Dataset excerpts:
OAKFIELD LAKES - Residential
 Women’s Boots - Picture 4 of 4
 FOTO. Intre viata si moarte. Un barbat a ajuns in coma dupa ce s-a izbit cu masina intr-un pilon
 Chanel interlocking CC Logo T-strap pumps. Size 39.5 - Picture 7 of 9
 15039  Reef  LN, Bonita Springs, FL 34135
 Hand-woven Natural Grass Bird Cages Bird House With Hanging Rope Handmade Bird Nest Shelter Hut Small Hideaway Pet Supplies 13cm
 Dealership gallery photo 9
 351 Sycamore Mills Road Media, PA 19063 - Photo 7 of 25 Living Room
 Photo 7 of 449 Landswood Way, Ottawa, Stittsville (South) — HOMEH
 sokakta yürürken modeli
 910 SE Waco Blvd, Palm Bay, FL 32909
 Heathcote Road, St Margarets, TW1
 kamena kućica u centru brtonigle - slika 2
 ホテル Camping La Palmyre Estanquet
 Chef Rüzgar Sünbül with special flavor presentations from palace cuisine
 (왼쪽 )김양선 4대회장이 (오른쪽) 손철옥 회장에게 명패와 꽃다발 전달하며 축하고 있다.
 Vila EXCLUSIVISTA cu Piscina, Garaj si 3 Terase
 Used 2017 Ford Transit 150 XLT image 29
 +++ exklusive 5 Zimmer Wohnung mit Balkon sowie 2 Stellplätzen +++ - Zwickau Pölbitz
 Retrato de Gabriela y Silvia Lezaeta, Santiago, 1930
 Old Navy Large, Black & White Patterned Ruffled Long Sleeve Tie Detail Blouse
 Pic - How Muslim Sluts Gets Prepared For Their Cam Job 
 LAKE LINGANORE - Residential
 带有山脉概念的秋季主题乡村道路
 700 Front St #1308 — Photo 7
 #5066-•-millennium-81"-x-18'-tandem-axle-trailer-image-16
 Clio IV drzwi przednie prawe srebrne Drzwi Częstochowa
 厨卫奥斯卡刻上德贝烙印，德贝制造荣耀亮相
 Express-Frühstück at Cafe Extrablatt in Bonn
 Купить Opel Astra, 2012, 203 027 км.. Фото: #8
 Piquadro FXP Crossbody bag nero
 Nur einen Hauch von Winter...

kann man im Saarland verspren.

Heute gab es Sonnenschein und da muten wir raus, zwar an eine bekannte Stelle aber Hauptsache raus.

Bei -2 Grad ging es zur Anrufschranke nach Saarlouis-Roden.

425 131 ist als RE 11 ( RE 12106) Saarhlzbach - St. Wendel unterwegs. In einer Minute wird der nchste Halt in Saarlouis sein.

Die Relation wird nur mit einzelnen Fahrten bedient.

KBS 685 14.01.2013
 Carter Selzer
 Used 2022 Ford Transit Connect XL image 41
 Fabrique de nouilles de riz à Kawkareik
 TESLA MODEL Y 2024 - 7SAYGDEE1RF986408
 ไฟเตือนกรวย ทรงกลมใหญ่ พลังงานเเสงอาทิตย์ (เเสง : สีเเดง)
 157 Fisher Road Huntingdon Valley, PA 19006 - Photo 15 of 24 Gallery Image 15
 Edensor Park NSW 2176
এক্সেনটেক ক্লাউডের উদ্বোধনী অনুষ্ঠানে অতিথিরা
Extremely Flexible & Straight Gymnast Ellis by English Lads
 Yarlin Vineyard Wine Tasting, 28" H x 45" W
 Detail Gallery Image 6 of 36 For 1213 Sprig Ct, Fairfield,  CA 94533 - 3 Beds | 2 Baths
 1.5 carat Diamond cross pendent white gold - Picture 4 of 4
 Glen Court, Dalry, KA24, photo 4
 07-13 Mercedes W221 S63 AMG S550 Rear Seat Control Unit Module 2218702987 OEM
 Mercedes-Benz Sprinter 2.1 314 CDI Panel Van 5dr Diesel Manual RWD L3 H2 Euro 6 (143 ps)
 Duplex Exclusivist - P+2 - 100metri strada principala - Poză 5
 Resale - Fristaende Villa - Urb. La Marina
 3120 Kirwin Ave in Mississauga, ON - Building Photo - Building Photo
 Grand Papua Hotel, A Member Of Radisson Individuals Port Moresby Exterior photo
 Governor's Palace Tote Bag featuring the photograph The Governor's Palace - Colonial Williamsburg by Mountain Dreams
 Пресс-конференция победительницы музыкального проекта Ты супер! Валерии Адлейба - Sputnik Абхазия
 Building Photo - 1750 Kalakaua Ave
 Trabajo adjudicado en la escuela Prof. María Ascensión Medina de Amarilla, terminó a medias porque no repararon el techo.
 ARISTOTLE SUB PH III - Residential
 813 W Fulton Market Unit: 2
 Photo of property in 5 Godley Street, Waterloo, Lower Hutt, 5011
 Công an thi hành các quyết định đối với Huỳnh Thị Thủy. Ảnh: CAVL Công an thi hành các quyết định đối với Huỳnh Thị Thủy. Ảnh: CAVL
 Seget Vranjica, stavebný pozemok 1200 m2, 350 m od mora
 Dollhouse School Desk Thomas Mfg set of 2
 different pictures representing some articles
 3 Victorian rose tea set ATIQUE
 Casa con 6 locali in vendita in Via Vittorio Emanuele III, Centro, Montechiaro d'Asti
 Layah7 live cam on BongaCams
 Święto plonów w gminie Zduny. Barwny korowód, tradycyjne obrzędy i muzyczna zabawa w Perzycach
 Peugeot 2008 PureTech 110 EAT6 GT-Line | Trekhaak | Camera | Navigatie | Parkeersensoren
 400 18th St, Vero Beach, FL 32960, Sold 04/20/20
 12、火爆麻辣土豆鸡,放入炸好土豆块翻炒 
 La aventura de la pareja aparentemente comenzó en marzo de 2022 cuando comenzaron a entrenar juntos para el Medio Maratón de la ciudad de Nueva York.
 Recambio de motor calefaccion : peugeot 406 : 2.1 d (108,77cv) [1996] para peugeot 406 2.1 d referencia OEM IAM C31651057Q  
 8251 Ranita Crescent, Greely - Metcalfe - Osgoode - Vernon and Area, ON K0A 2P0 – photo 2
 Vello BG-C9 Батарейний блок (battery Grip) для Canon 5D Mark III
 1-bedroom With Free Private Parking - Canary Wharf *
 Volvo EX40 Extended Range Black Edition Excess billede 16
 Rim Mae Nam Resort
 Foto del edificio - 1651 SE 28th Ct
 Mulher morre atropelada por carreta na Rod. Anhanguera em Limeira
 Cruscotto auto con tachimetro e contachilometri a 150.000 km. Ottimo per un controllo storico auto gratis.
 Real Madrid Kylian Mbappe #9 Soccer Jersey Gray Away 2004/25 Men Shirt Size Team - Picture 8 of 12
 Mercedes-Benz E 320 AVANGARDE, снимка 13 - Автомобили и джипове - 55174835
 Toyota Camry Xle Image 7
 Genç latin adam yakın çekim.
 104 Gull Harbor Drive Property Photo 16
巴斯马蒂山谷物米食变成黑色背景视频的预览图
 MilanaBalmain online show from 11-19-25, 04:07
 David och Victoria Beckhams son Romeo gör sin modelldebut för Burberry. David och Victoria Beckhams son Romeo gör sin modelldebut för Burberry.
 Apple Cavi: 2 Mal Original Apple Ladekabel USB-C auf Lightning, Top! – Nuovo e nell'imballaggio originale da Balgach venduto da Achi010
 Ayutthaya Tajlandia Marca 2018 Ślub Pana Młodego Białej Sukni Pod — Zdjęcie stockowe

Work instructions: Each record must be repeated exactly as it appears above.

Exercise output:
OAKFIELD LAKES - Residential
 Women’s Boots - Picture 4 of 4
 FOTO. Intre viata si moarte. Un barbat a ajuns in coma dupa ce s-a izbit cu masina intr-un pilon
 Chanel interlocking CC Logo T-strap pumps. Size 39.5 - Picture 7 of 9
 15039  Reef  LN, Bonita Springs, FL 34135
 Hand-woven Natural Grass Bird Cages Bird House With Hanging Rope Handmade Bird Nest Shelter Hut Small Hideaway Pet Supplies 13cm
 Dealership gallery photo 9
 351 Sycamore Mills Road Media, PA 19063 - Photo 7 of 25 Living Room
 Photo 7 of 449 Landswood Way, Ottawa, Stittsville (South) — HOMEH
 sokakta yürürken modeli
 910 SE Waco Blvd, Palm Bay, FL 32909
 Heathcote Road, St Margarets, TW1
 kamena kućica u centru brtonigle - slika 2
 ホテル Camping La Palmyre Estanquet
 Chef Rüzgar Sünbül with special flavor presentations from palace cuisine
 (왼쪽 )김양선 4대회장이 (오른쪽) 손철옥 회장에게 명패와 꽃다발 전달하며 축하고 있다.
 Vila EXCLUSIVISTA cu Piscina, Garaj si 3 Terase
 Used 2017 Ford Transit 150 XLT image 29
 +++ exklusive 5 Zimmer Wohnung mit Balkon sowie 2 Stellplätzen +++ - Zwickau Pölbitz
 Retrato de Gabriela y Silvia Lezaeta, Santiago, 1930
 Old Navy Large, Black & White Patterned Ruffled Long Sleeve Tie Detail Blouse
 Pic - How Muslim Sluts Gets Prepared For Their Cam Job 
 LAKE LINGANORE - Residential
 带有山脉概念的秋季主题乡村道路
 700 Front St #1308 — Photo 7
 #5066-•-millennium-81"-x-18'-tandem-axle-trailer-image-16
 Clio IV drzwi przednie prawe srebrne Drzwi Częstochowa
 厨卫奥斯卡刻上德贝烙印，德贝制造荣耀亮相
 Express-Frühstück at Cafe Extrablatt in Bonn
 Купить Opel Astra, 2012, 203 027 км.. Фото: #8
 Piquadro FXP Crossbody bag nero
 Nur einen Hauch von Winter...

kann man im Saarland verspren.

Heute gab es Sonnenschein und da muten wir raus, zwar an eine bekannte Stelle aber Hauptsache raus.

Bei -2 Grad ging es zur Anrufschranke nach Saarlouis-Roden.

425 131 ist als RE 11 ( RE 12106) Saarhlzbach - St. Wendel unterwegs. In einer Minute wird der nchste Halt in Saarlouis sein.

Die Relation wird nur mit einzelnen Fahrten bedient.

KBS 685 14.01.2013
 Carter Selzer
 Used 2022 Ford Transit Connect XL image 41
 Fabrique de nouilles de riz à Kawkareik
 TESLA MODEL Y 2024 - 7SAYGDEE1RF986408
 ไฟเตือนกรวย ทรงกลมใหญ่ พลังงานเเสงอาทิตย์ (เเสง : สีเเดง)
 157 Fisher Road Huntingdon Valley, PA 19006 - Photo 15 of 24 Gallery Image 15
 Edensor Park NSW 2176
এক্সেনটেক ক্লাউডের উদ্বোধনী অনুষ্ঠানে অতিথিরা
Extremely Flexible & Straight Gymnast Ellis by English Lads
 Yarlin Vineyard Wine Tasting, 28" H x 45" W
 Detail Gallery Image 6 of 36 For 1213 Sprig Ct, Fairfield,  CA 94533 - 3 Beds | 2 Baths
 1.5 carat Diamond cross pendent white gold - Picture 4 of 4
 Glen Court, Dalry, KA24, photo 4
 07-13 Mercedes W221 S63 AMG S550 Rear Seat Control Unit Module 2218702987 OEM
 Mercedes-Benz Sprinter 2.1 314 CDI Panel Van 5dr Diesel Manual RWD L3 H2 Euro 6 (143 ps)
 Duplex Exclusivist - P+2 - 100metri strada principala - Poză 5
 Resale - Fristaende Villa - Urb. La Marina
 3120 Kirwin Ave in Mississauga, ON - Building Photo - Building Photo
 Grand Papua Hotel, A Member Of Radisson Individuals Port Moresby Exterior photo
 Governor's Palace Tote Bag featuring the photograph The Governor's Palace - Colonial Williamsburg by Mountain Dreams
 Пресс-конференция победительницы музыкального проекта Ты супер! Валерии Адлейба - Sputnik Абхазия
 Building Photo - 1750 Kalakaua Ave
 Trabajo adjudicado en la escuela Prof. María Ascensión Medina de Amarilla, terminó a medias porque no repararon el techo.
 ARISTOTLE SUB PH III - Residential
 813 W Fulton Market Unit: 2
 Photo of property in 5 Godley Street, Waterloo, Lower Hutt, 5011
 Công an thi hành các quyết định đối với Huỳnh Thị Thủy. Ảnh: CAVL Công an thi hành các quyết định đối với Huỳnh Thị Thủy. Ảnh: CAVL
 Seget Vranjica, stavebný pozemok 1200 m2, 350 m od mora
 Dollhouse School Desk Thomas Mfg set of 2
 different pictures representing some articles
 3 Victorian rose tea set ATIQUE
 Casa con 6 locali in vendita in Via Vittorio Emanuele III, Centro, Montechiaro d'Asti
 Layah7 live cam on BongaCams
 Święto plonów w gminie Zduny. Barwny korowód, tradycyjne obrzędy i muzyczna zabawa w Perzycach
 Peugeot 2008 PureTech 110 EAT6 GT-Line | Trekhaak | Camera | Navigatie | Parkeersensoren
 400 18th St, Vero Beach, FL 32960, Sold 04/20/20
 12、火爆麻辣土豆鸡,放入炸好土豆块翻炒 
 La aventura de la pareja aparentemente comenzó en marzo de 2022 cuando comenzaron a entrenar juntos para el Medio Maratón de la ciudad de Nueva York.
 Recambio de motor calefaccion : peugeot 406 : 2.1 d (108,77cv) [1996] para peugeot 406 2.1 d referencia OEM IAM C31651057Q  
 8251 Ranita Crescent, Greely - Metcalfe - Osgoode - Vernon and Area, ON K0A 2P0 – photo 2
 Vello BG-C9 Батарейний блок (battery Grip) для Canon 5D Mark III
 1-bedroom With Free Private Parking - Canary Wharf *
 Volvo EX40 Extended Range Black Edition Excess billede 16
 Rim Mae Nam Resort
 Foto del edificio - 1651 SE 28th Ct
 Mulher morre atropelada por carreta na Rod. Anhanguera em Limeira
 Cruscotto auto con tachimetro e contachilometri a 150.000 km. Ottimo per un controllo storico auto gratis.
 Real Madrid Kylian Mbappe #9 Soccer Jersey Gray Away 2004/25 Men Shirt Size Team - Picture 8 of 12
 Mercedes-Benz E 320 AVANGARDE, снимка 13 - Автомобили и джипове - 55174835
 Toyota Camry Xle Image 7
 Genç latin adam yakın çekim.
 104 Gull Harbor Drive Property Photo 16
巴斯马蒂山谷物米食变成黑色背景视频的预览图
 MilanaBalmain online show from 11-19-25, 04:07
 David och Victoria Beckhams son Romeo gör sin modelldebut för Burberry. David och Victoria Beckhams son Romeo gör sin modelldebut för Burberry.
 Apple Cavi: 2 Mal Original Apple Ladekabel USB-C auf Lightning, Top! – Nuovo e nell'imballaggio originale da Balgach venduto da Achi010
 Ayutthaya Tajlandia Marca 2018 Ślub Pana Młodego Białej Sukni Pod — Zdjęcie stockowe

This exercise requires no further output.